AKIVE VINIK (AKIVA WINIK) (1904-August 7, 1955)
He was born in Khelm (Chelm), Poland. He graduated from the Jewish teachers’ seminary in Vilna, and he worked as a teacher in the secular Yiddish schools. He was an active leader among the Labor Zionists and a founder of the Borochov Library in Chelm. During the Polish-Soviet War of 1920, he spent fourteen weeks in a Polish prison. In 1933 he moved to Johannesburg, South Africa, where he worked as a teacher in various Hebrew and Yiddish schools and a community leader. He began writing in Unzer shtime (Our voice) in Chelm in 1925, and from that point forward he contributed articles on cultural issues and literary matters to: Arbeter tsaytung (Workers’ newspaper) and Literarishe bleter (Literary leaves) in Warsaw; Vilner tog (Vilna day); Der tog (The day) in New York; Afrikaner idishe tsaytung (African Jewish newspaper), Unzer veg (Our path), Foroys (Onward), Yidishe post (Jewish mail), Dorem-afrike (South Africa), and Dorem-afrikaner almanakh (South African almanac) in Johannesburg. In Yizker-bukh—khelm (Remembrance volume for Chelm) (Johannesburg, 1954), 732 pp. and 25 pp.—he served on the editorial board—he published several pieces: “Yidishe gezelshaftn un organizatsyes in dorem-afrike” (Jewish associations and institutions in South Africa), “Dos yidishe lebn un shafn in khelm” (Jewish life and works in Chelm), and “Dr. yitskhok shiper, deputat fun khelm in poylishn seym” (Dr. Yitskhok Shiper, deputy from Chelm to the Polish Sejm). He also published under the pen names: Ben Haam and Evik, among others. He died in Johannesburg.

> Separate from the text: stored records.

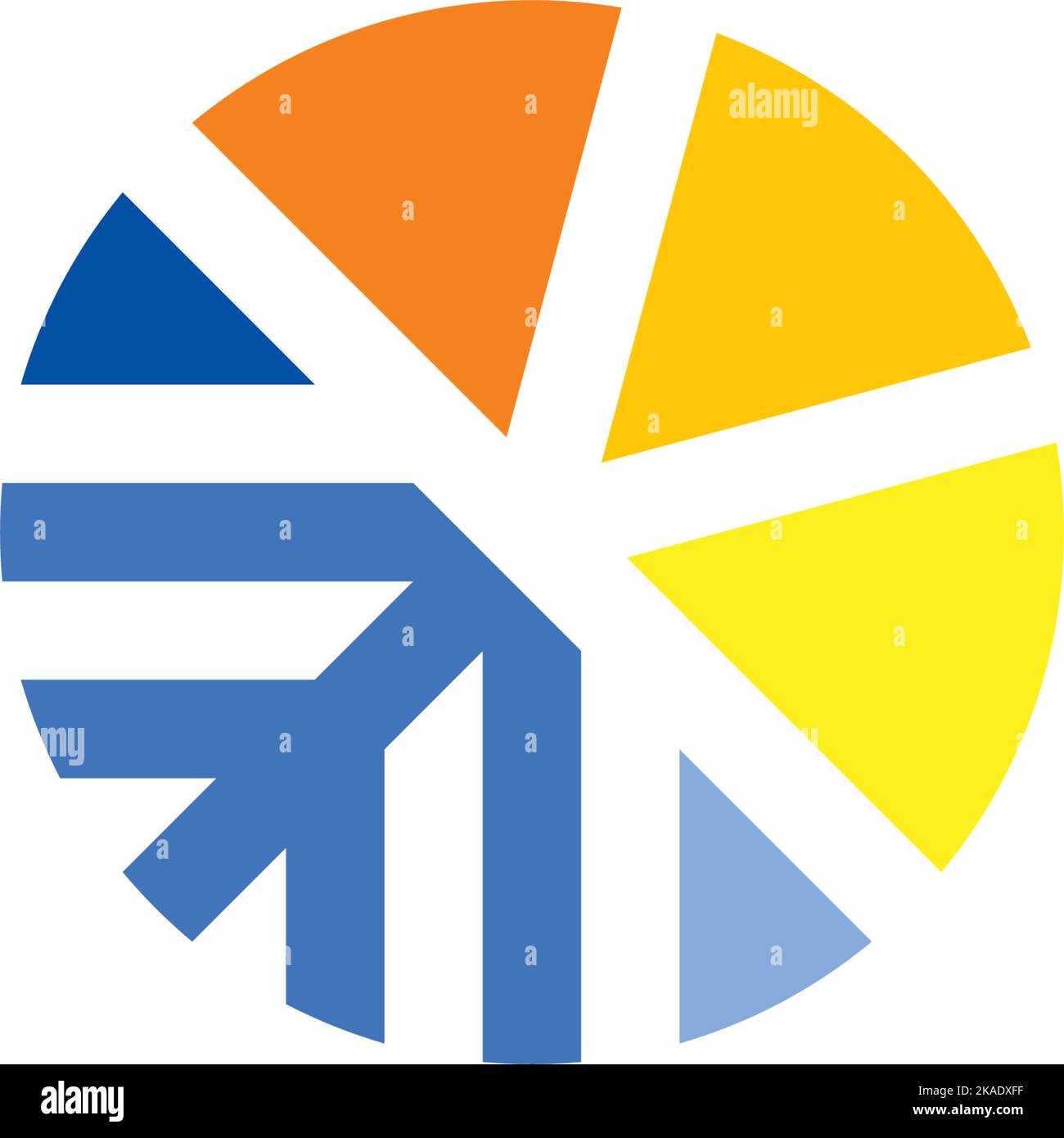 Sonne Schneeflocke Klimaanlage Symbol Logo Vektor-Symbol Stock Vektor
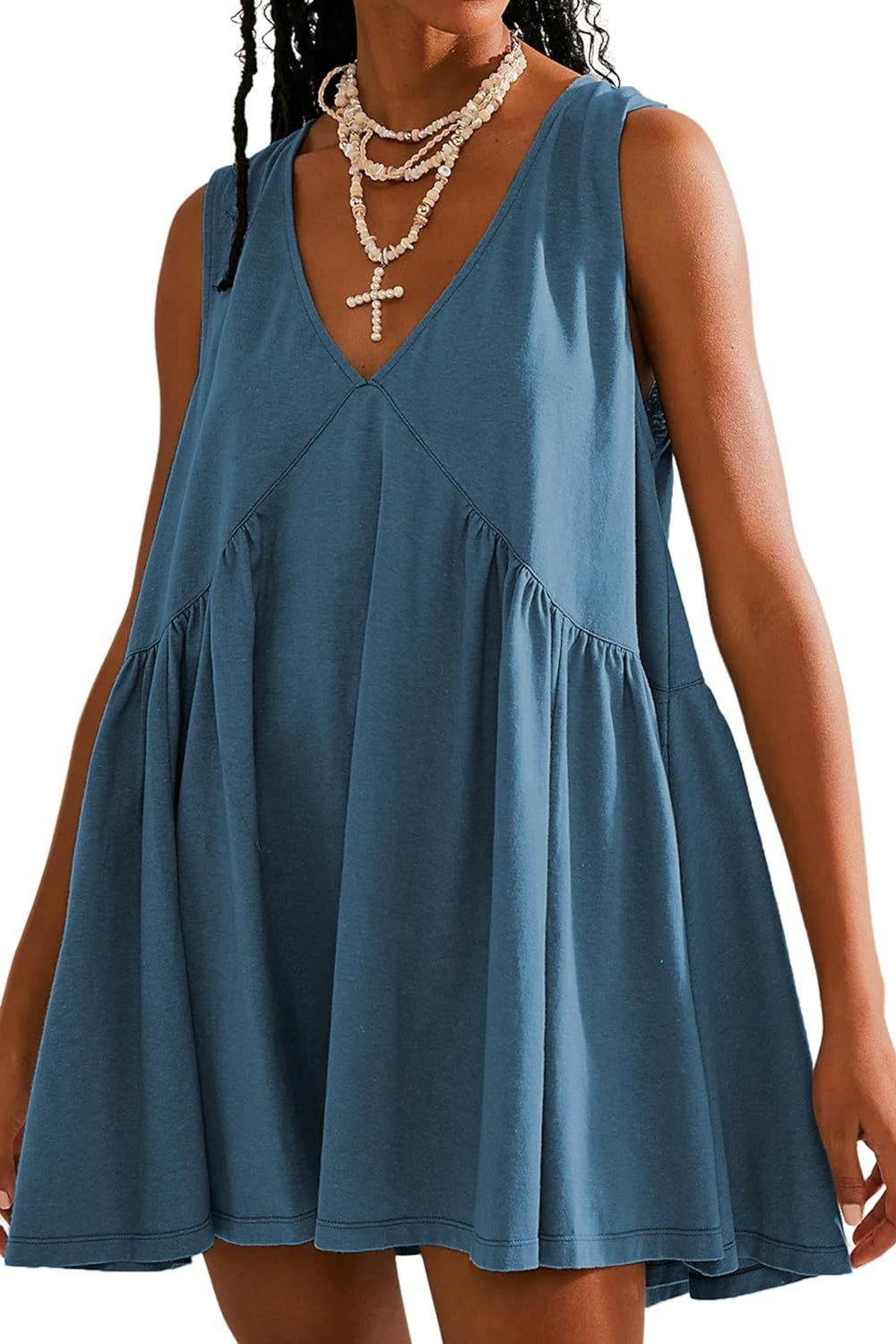 Plunge Wide Strap Mini Tank Dress Trendsi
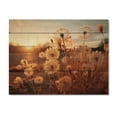thumbnail image 3 of Designart "Sunset Dandelion landscape II" Floral Print on Natural Pine Wood, 3 of 5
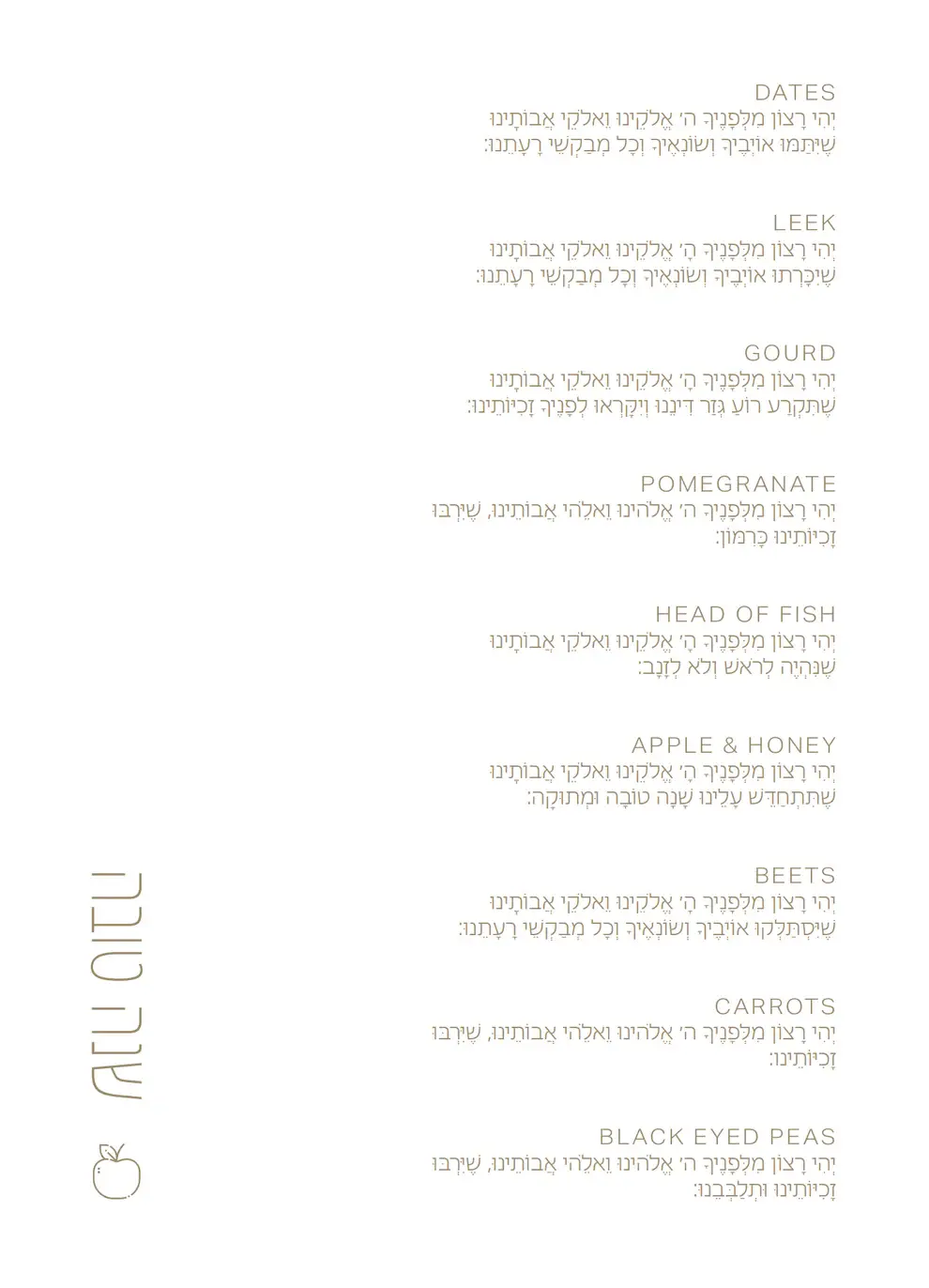 Rosh Hashana Gold Apple Simanim Card (12 Pack)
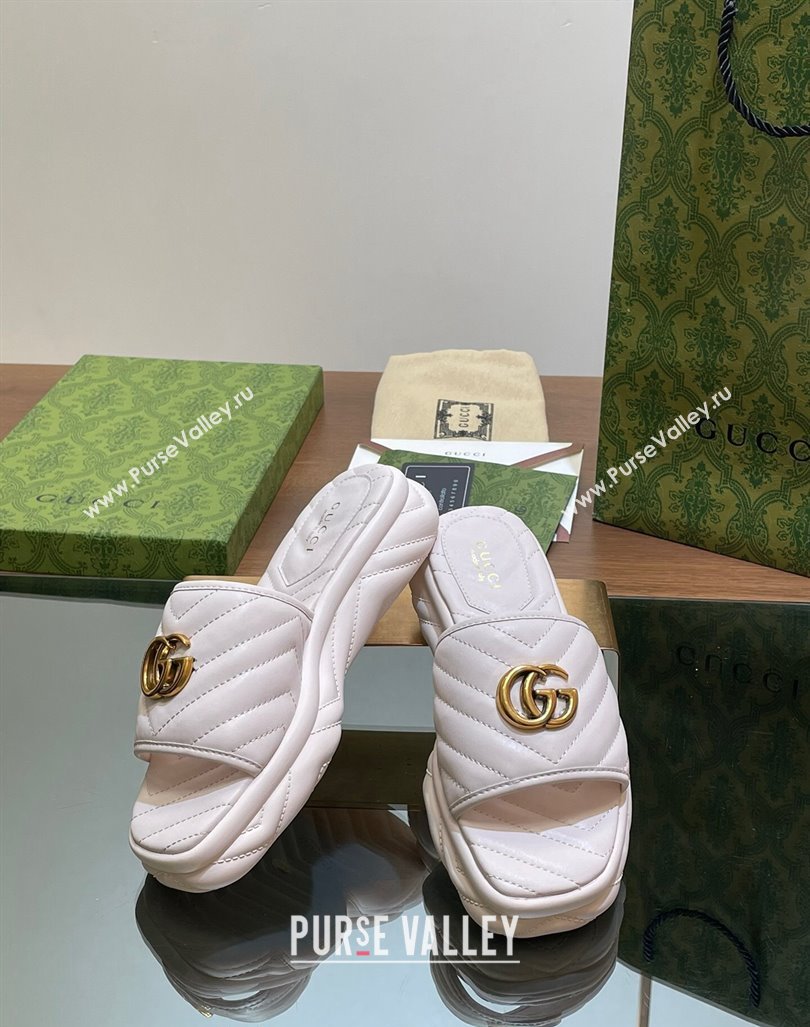 Gucci Chevron Leather Platform Slides Sandal 3.5cm with Double G White 2024 (MD-240605061)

His older brother, NOKHUM VINIK, a community leader and a member of the “Board of Deputies” in Johannesburg, published in Yizker-bukh—khelm (of which he was also a member of the editorial board): “Der bund in khelm un zayn sotsyal-revolutsyonere arbet” (The Bund in Chelm and its social revolutionary work), pp. 129-48.
Sources: Dorem-afrikaner almanakh (South African almanac) (Johannesburg, 1945); Yizker-bukh—khelm (Remembrance volume for Chelm) (Johannesburg, 1954), see index; Dorem-afrike (Johannesburg) (August 1955); H. Shishler, in Nayvelt (Tel Aviv) (September 16, 1955).